**Data**
- - -

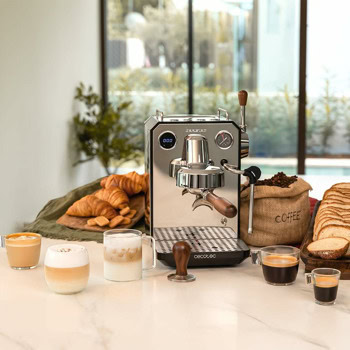 Cecotec Barista Baristeo Intima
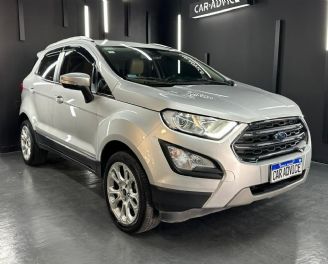 Ford EcoSport Usado en Córdoba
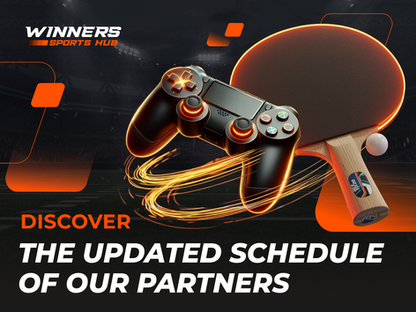 Discover the updated schedule of our partners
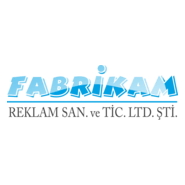 Fabrikam Reklam Logo PNG Vector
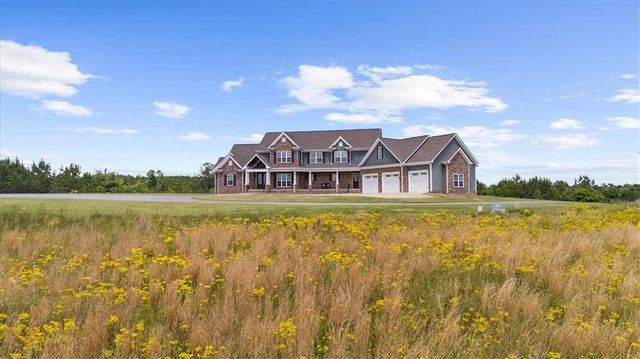 380 Ward Mountain Road, Kingston, GA 30145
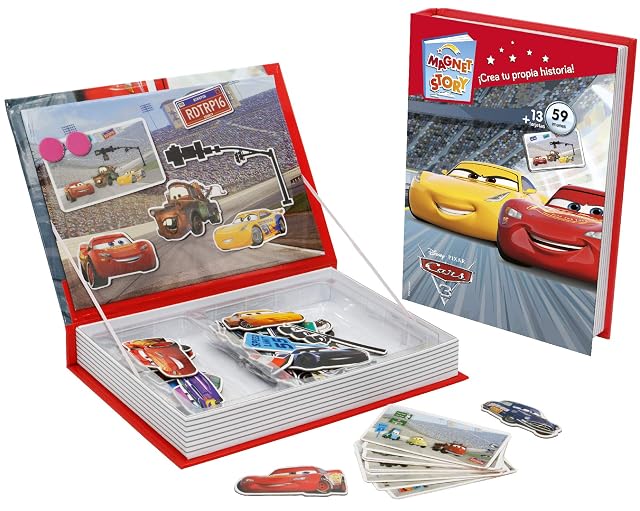 Falomir 29718 Magnet Story Disney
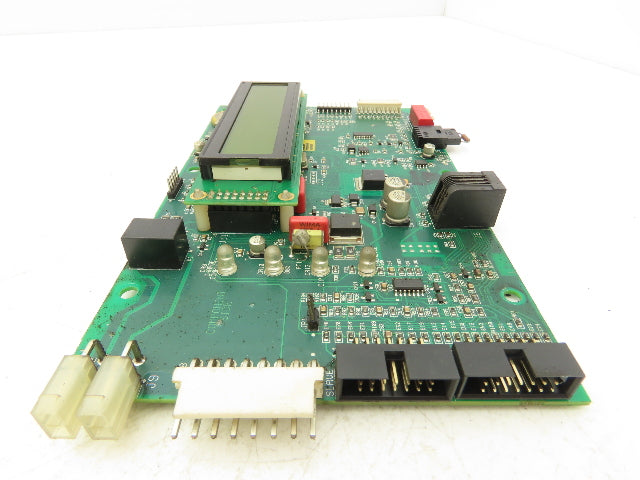 Ametek 198440-002 Printed Circuit Control Board PCB With Display 198439 Rev Z0D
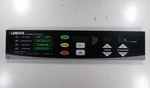 Landice L7 L8 Pro Sports Trainer Treadmill Display Console Overlay Panel Board. Fixed Price $159.95.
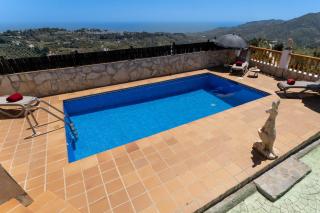 Cottage Polborilla - Frigiliana - 9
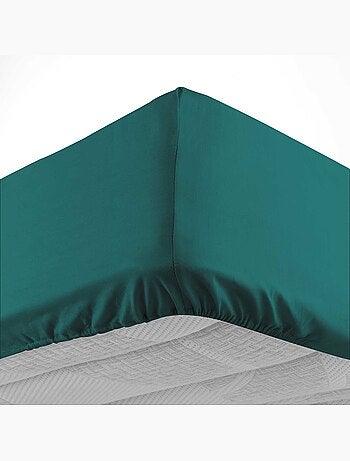 Drap housse en coton Line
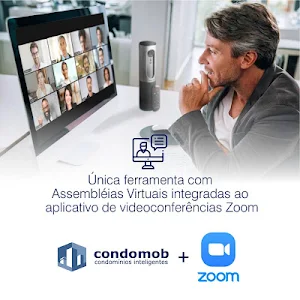 Condomob Condomínios Screenshot 1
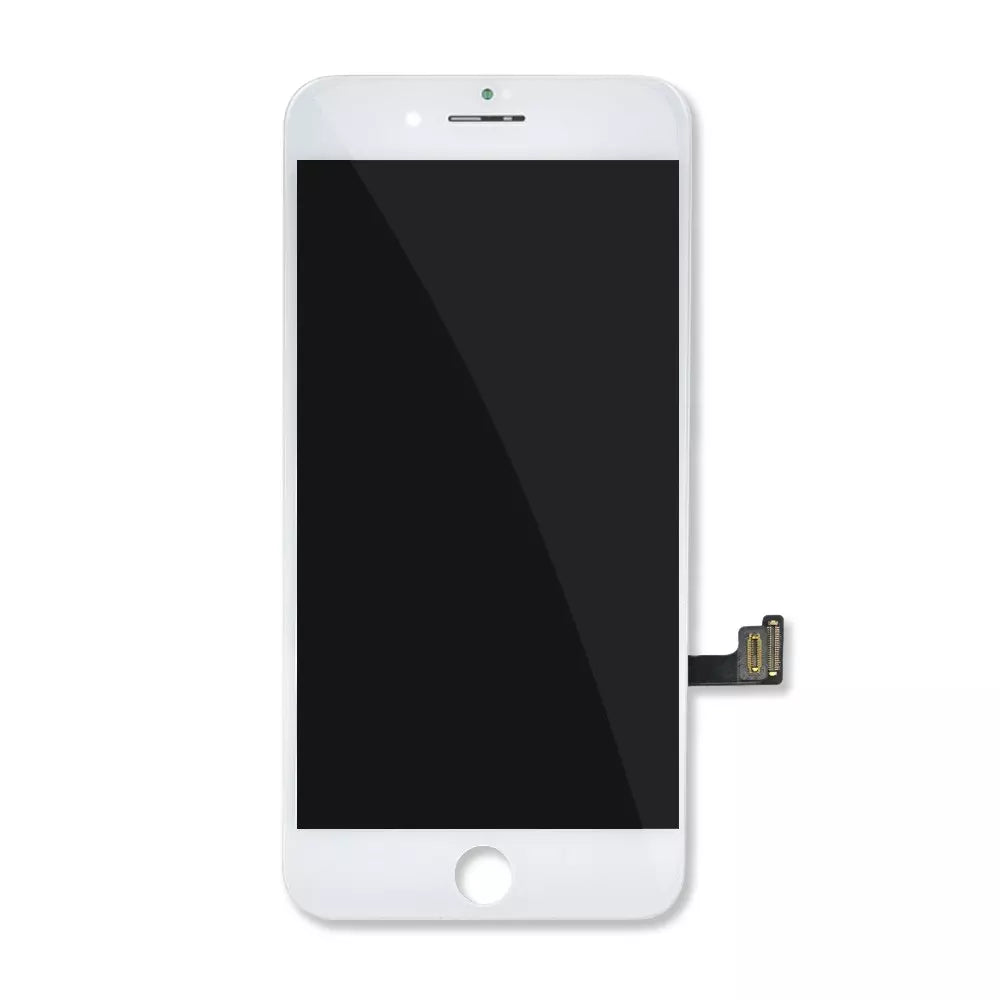 LCD With Digitiser For Apple iPhone 8 White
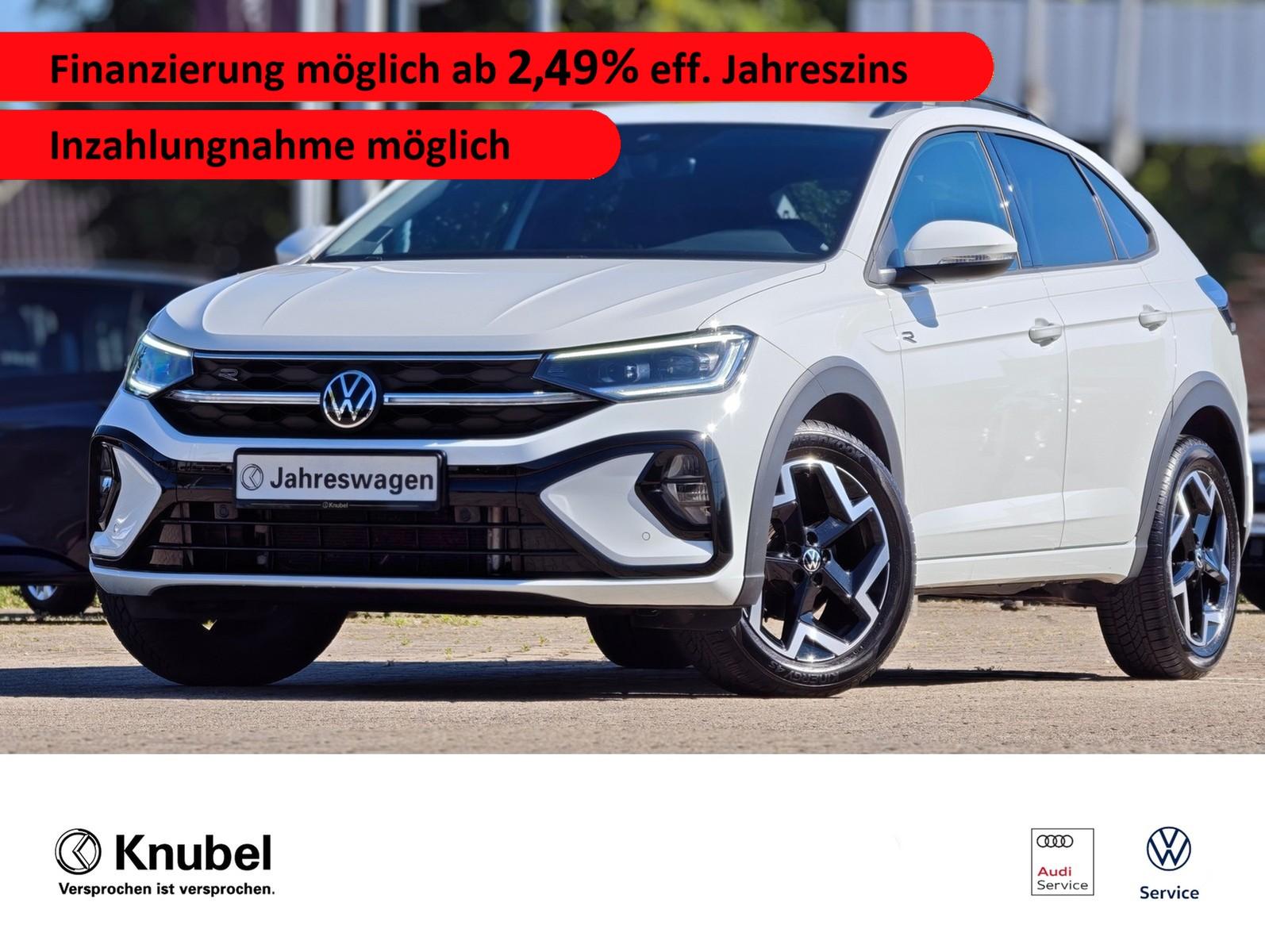 Volkswagen Taigo R-Line 1.5 TSI DSG Matrix LED*Nav*AHK*Kame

- - -

**Prompt**
Reproduce the data verbatim. Do not carry any picture into the copy.

**Exercise solution**
 Cecotec Barista Baristeo Intima
 Ford EcoSport Usado en Córdoba
 Discover the updated schedule of our partners
 Fabrikam Reklam Logo PNG Vector
 380 Ward Mountain Road, Kingston, GA 30145
 Falomir 29718 Magnet Story Disney
 Ametek 198440-002 Printed Circuit Control Board PCB With Display 198439 Rev Z0D
 Landice L7 L8 Pro Sports Trainer Treadmill Display Console Overlay Panel Board. Fixed Price $159.95.
 Cottage Polborilla - Frigiliana - 9
 Drap housse en coton Line
 Condomob Condomínios Screenshot 1
 LCD With Digitiser For Apple iPhone 8 White
 Volkswagen Taigo R-Line 1.5 TSI DSG Matrix LED*Nav*AHK*Kame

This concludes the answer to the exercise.